**WHAT YOU WILL DO**
Every line below from the one with "Maxikleider Ärmelloses weißes;" through the one with "AA3732 American Airlines" is to be repeated exactly, with no picture among them.

··· SUPPLIED MATERIAL ···

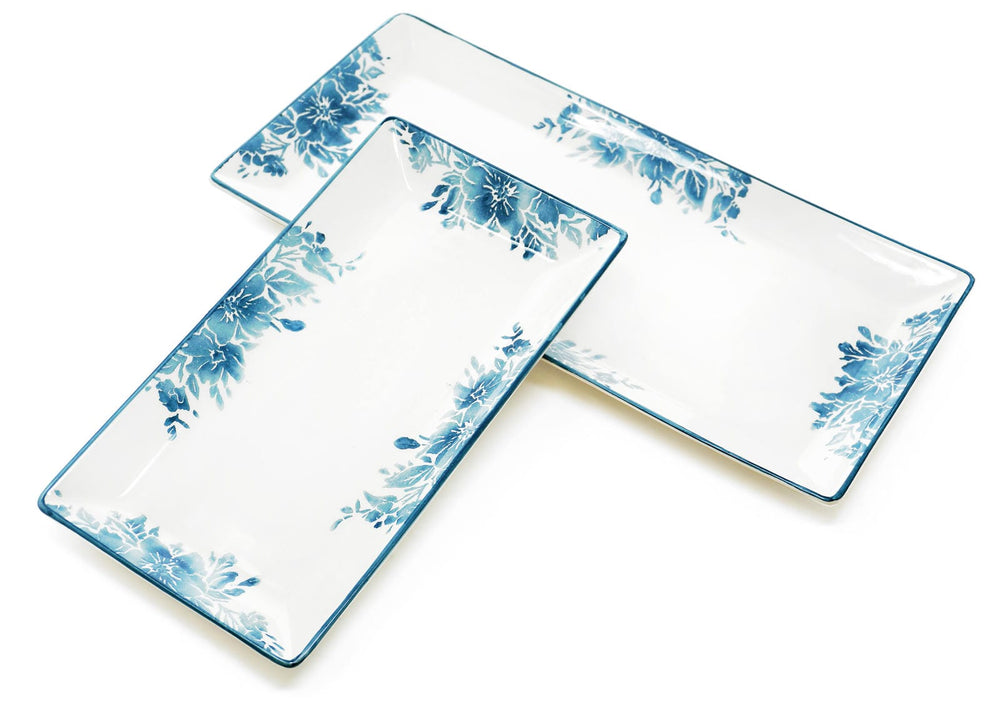 Kuchenplatten blau Enzian, 2er Set Speiseteller 28x15 cm - 38x18 cm, Fleischteller eckig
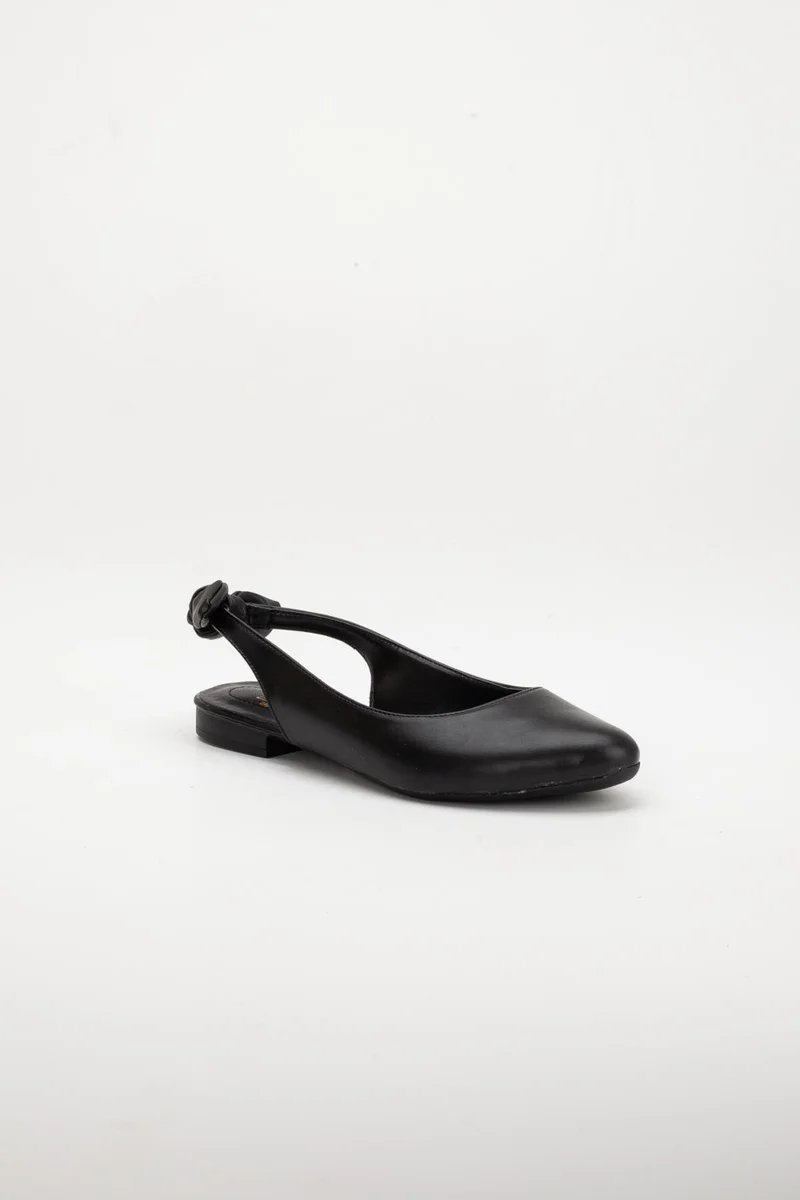 Dilimler Ayakkabı Open Heel Bowknot Skin Black Women Ballerinas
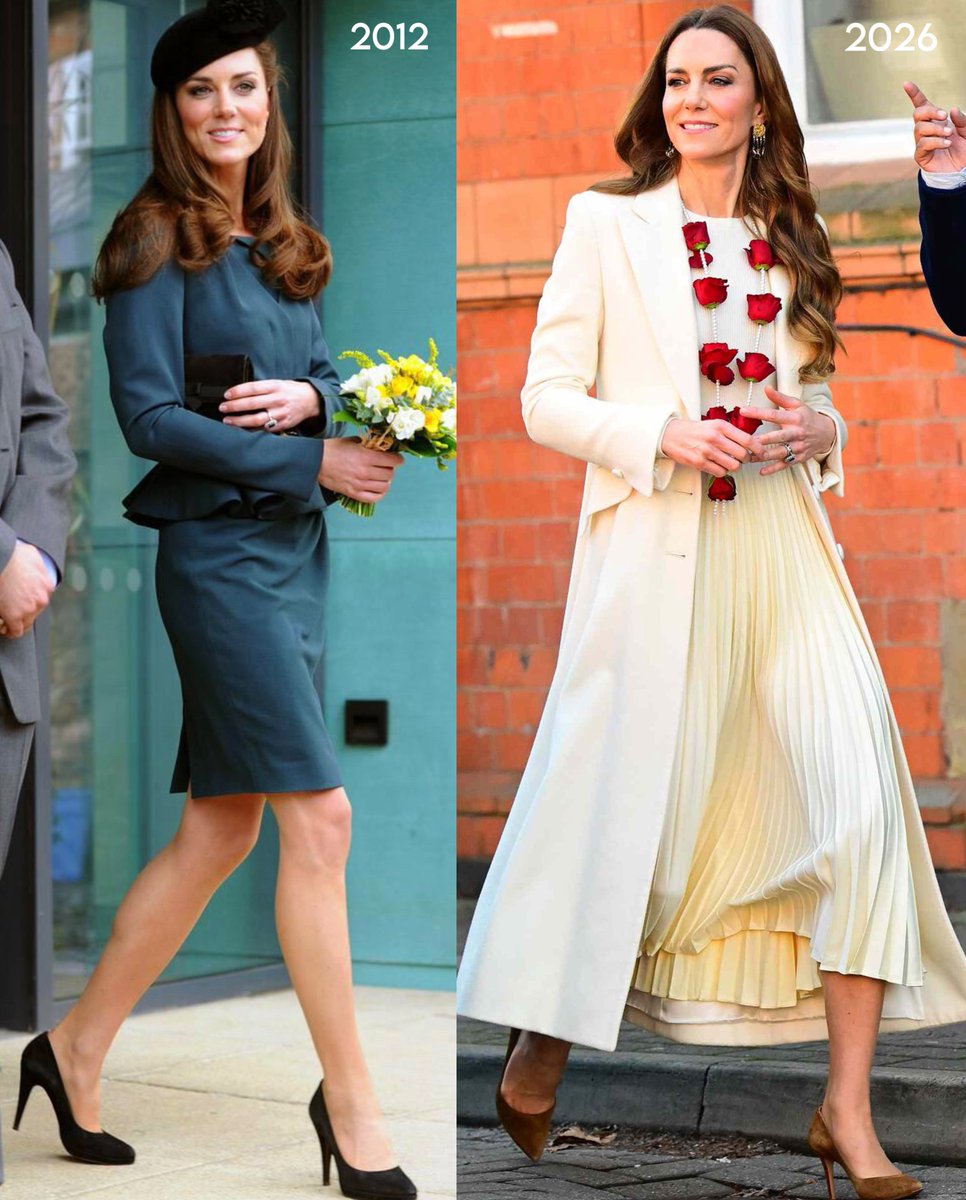 RoyallyBelle_'s tweet photo. The Princess of Wales’ first official visit to Leicester (2012) vs her most recent (2026) 🤍 https://t.co/CQaD4YuiGB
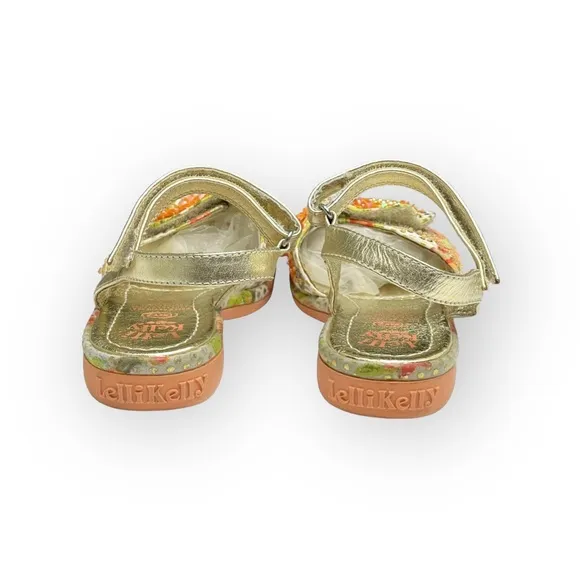 Lelli Kelly ✿ Beaded Floral Ankle Strap Sandals ✿ Orange   Metallic Gold ✿ 34 2M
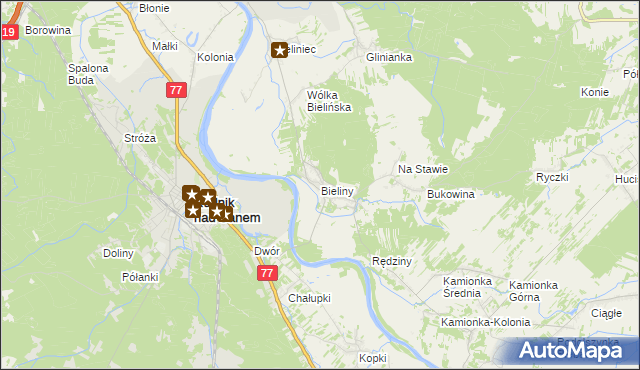 mapa Bieliny gmina Ulanów, Bieliny gmina Ulanów na mapie Targeo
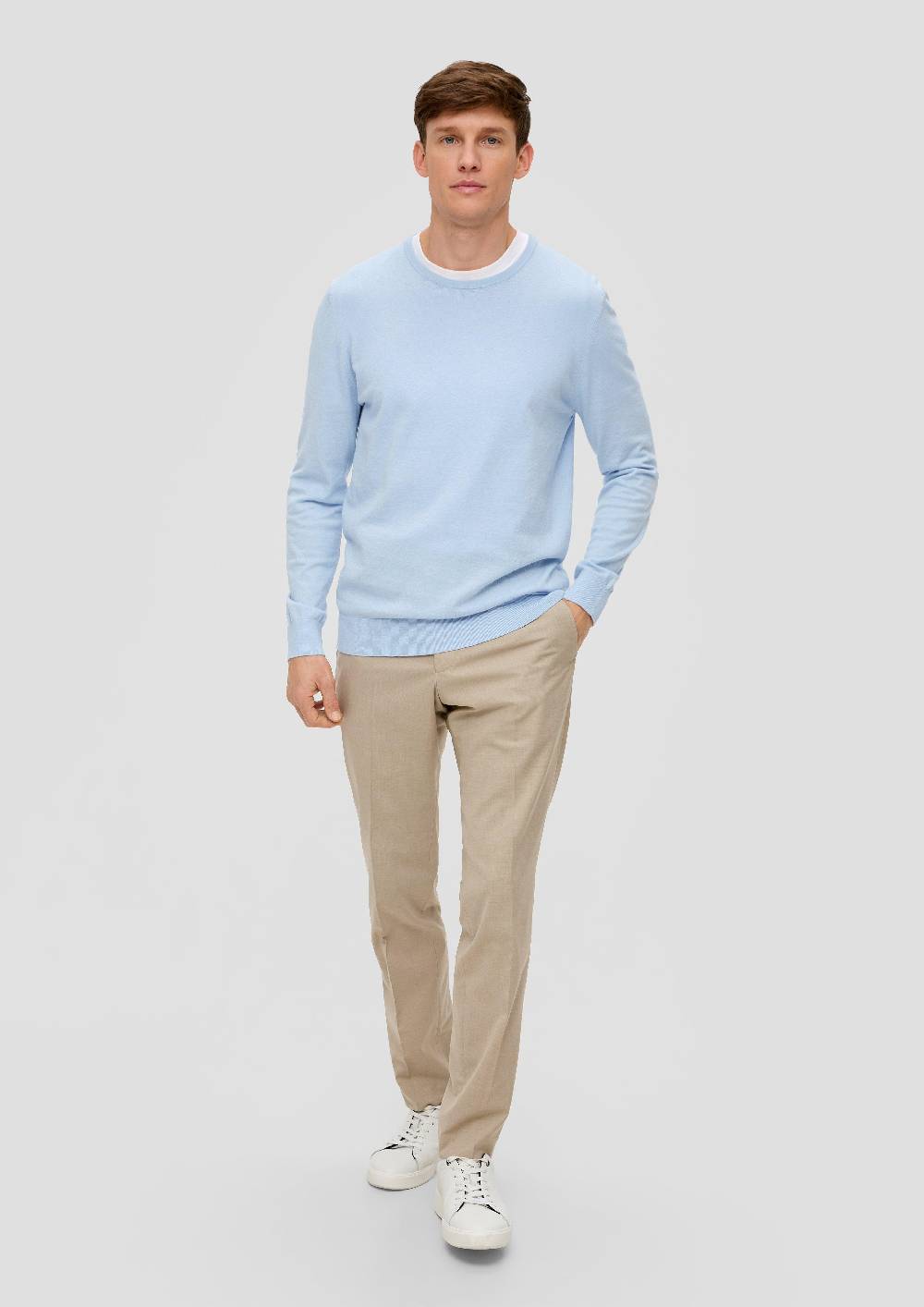 s.Oliver Strickpullover aus Seide mit Crew Neck Verkauf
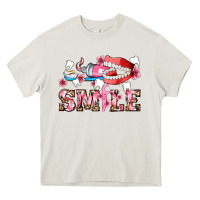 Cream smile with teeth and brush Heavy Core Tee - AdoDesignShop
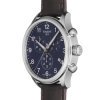Reloj Tissot Chrono XL para hombre, con esfera azul y correa de piel marrón, T1166171604700.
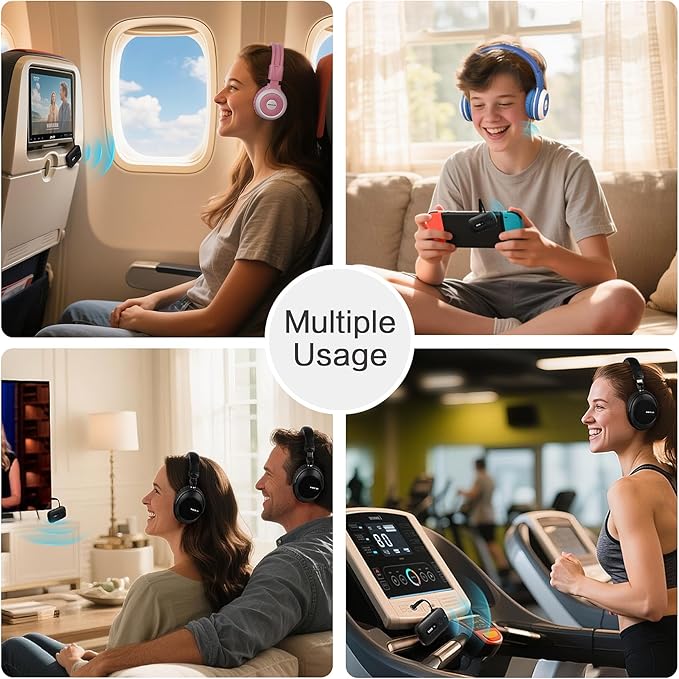 SIMOLIO Airplane-Bluetooth-Adapter for AirPods/Headphones, 20 Hr Battery, Supports 2 Earbuds/Wireless Headphones, 3.5mm AUX Wireless Audio Transmitter for TV, Gym Equipment, Controller, MP3 Player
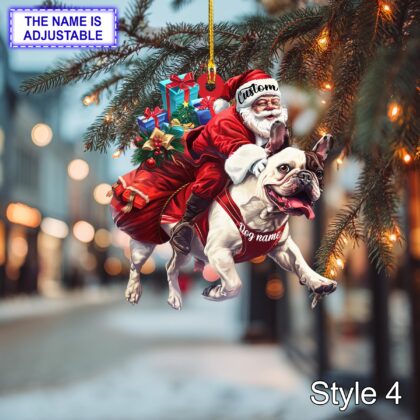 Santa Riding French Bulldog Christmas Ornament – Funny Dog Lover Tree Hanging Decoration - Image 4
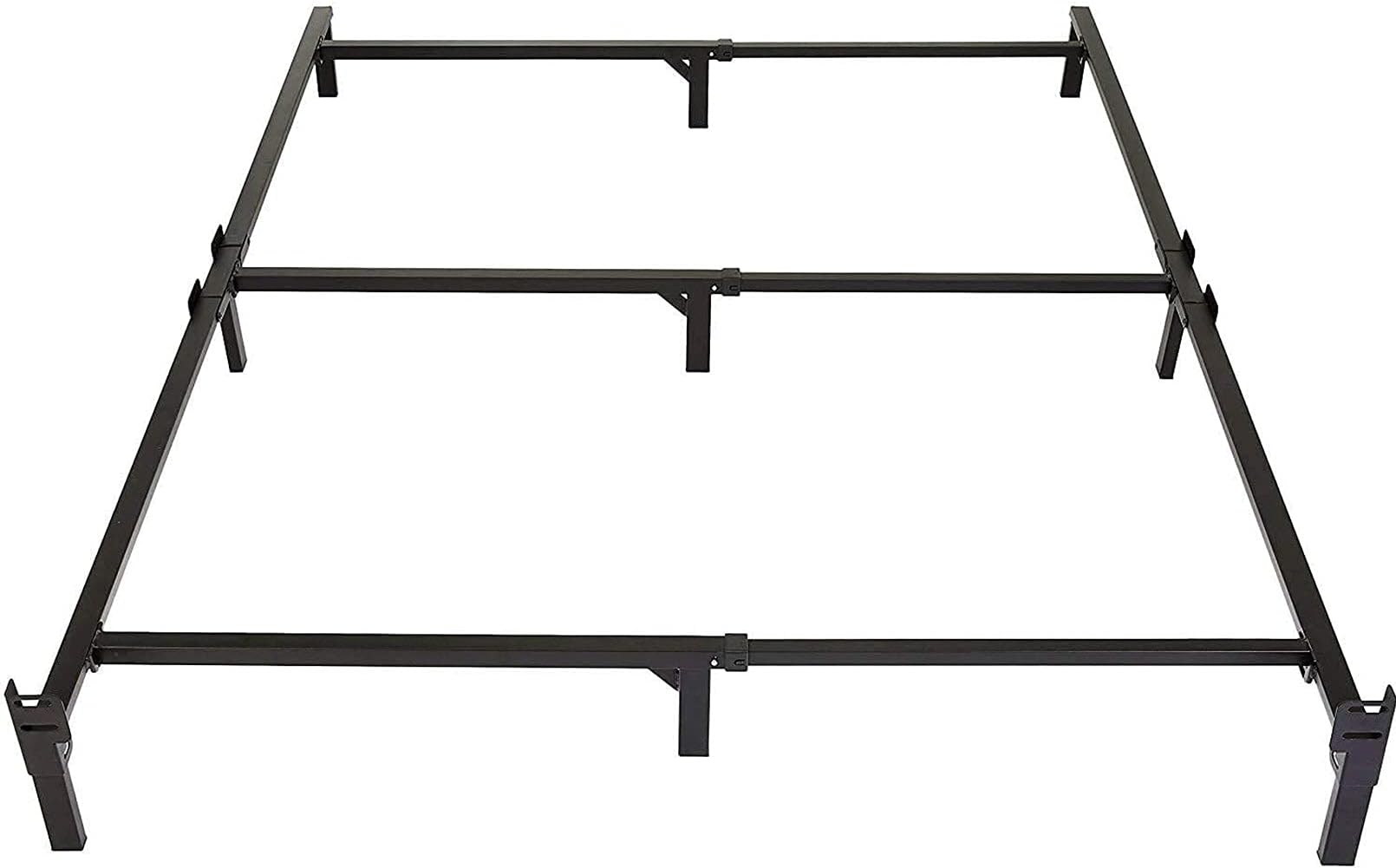 Amazon Basics Metal Bed Frame, 9-Leg Support Base for Box Spring and Mattress, Tool-Free Easy Assembly, No Tools Required, Full Size, Black
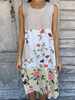 Maxikleider Ärmelloses weißes; mit Blumen bedrucktes Juwelenhalstaschen Stretch-Kleid aus Polyester
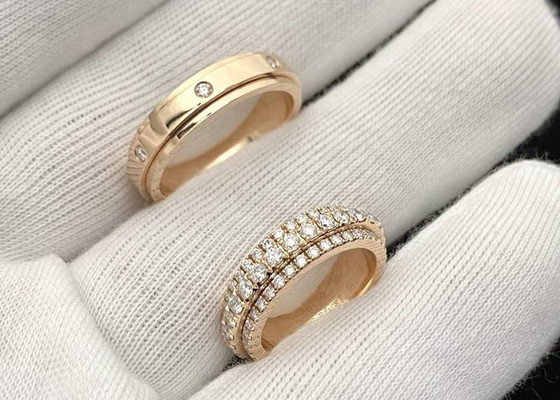 Poids de la bague de fiançailles 32pcs 92pcs 3.20g d'or jaune d'OEM 2.84ct 18k
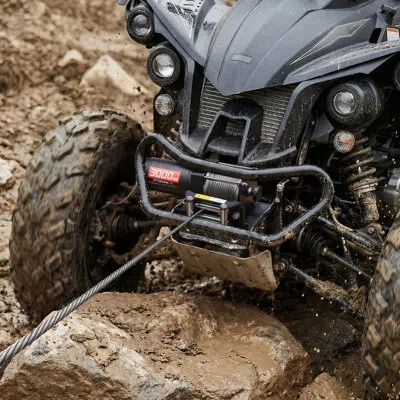 Vevor 3000 Lbs Electric Winch, 12v Dc Atv/utv Winch With Φ3/16 In X 39.4 Ft Steel Wire Rope & Wired Remote In Black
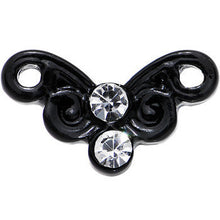 16G 1/4 Clear Gem Black Steel Swirly Butterfly Cartilage Earring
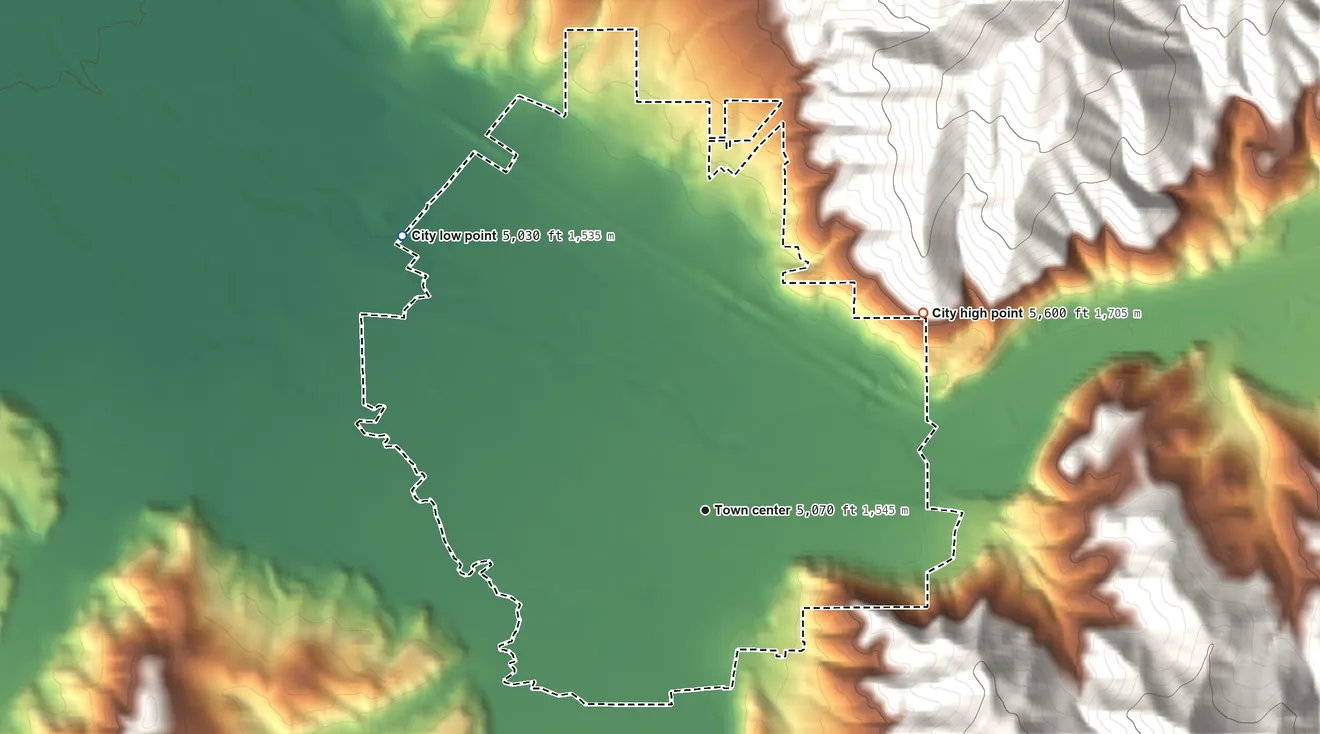 Topographic elevation map of Morgan, Utah, shaded from 5,030 ft on the northwest side to 5,600 ft at the foot of the Sessions Mountains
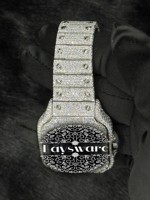 Montre unisexe de luxe personnalisée avec cadran en verre et diamants Moissanite, style Hip Hop Iced Out, avec boîte cadeau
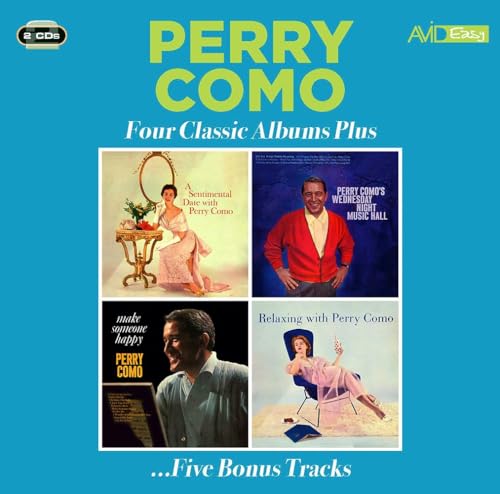 Perry Como album cover featuring four classic album art images and text.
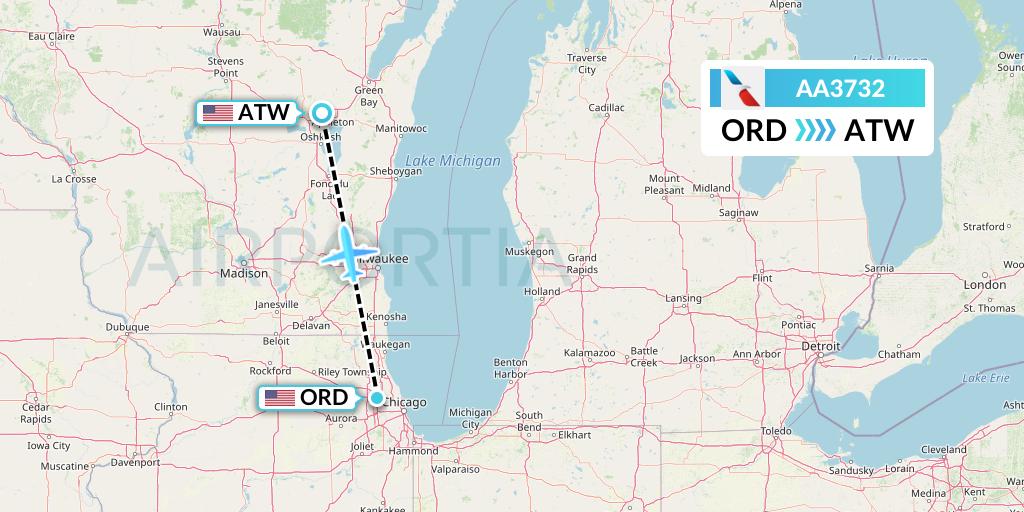 AA3732 American Airlines Flight Map: Chicago to Appleton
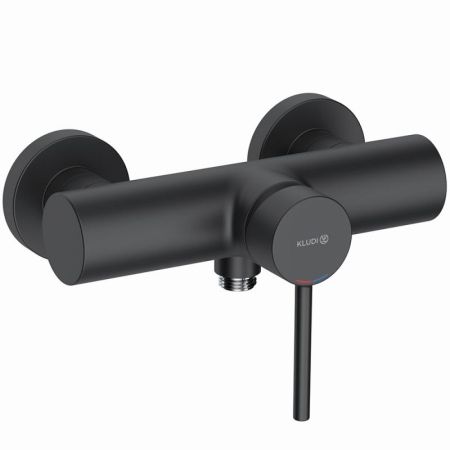 Смеситель для душа, Kludi, BOZZ, тип открывания воды-однорычажный, тип регулирования воды-керамический картридж, монтаж-настенный, отверстия для монтажа-2, отвод для душа G 1/2, цвет-черный матовый, артикул 388313976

···

**SOLUTION FOR THIS TASK**
 Maxikleider Ärmelloses weißes; mit Blumen bedrucktes Juwelenhalstaschen Stretch-Kleid aus Polyester
 Poids de la bague de fiançailles 32pcs 92pcs 3.20g d'or jaune d'OEM 2.84ct 18k
 Vevor 3000 Lbs Electric Winch, 12v Dc Atv/utv Winch With Φ3/16 In X 39.4 Ft Steel Wire Rope & Wired Remote In Black
 16G 1/4 Clear Gem Black Steel Swirly Butterfly Cartilage Earring
 Topographic elevation map of Morgan, Utah, shaded from 5,030 ft on the northwest side to 5,600 ft at the foot of the Sessions Mountains
 Montre unisexe de luxe personnalisée avec cadran en verre et diamants Moissanite, style Hip Hop Iced Out, avec boîte cadeau
 Perry Como album cover featuring four classic album art images and text.
 AA3732 American Airlines Flight Map: Chicago to Appleton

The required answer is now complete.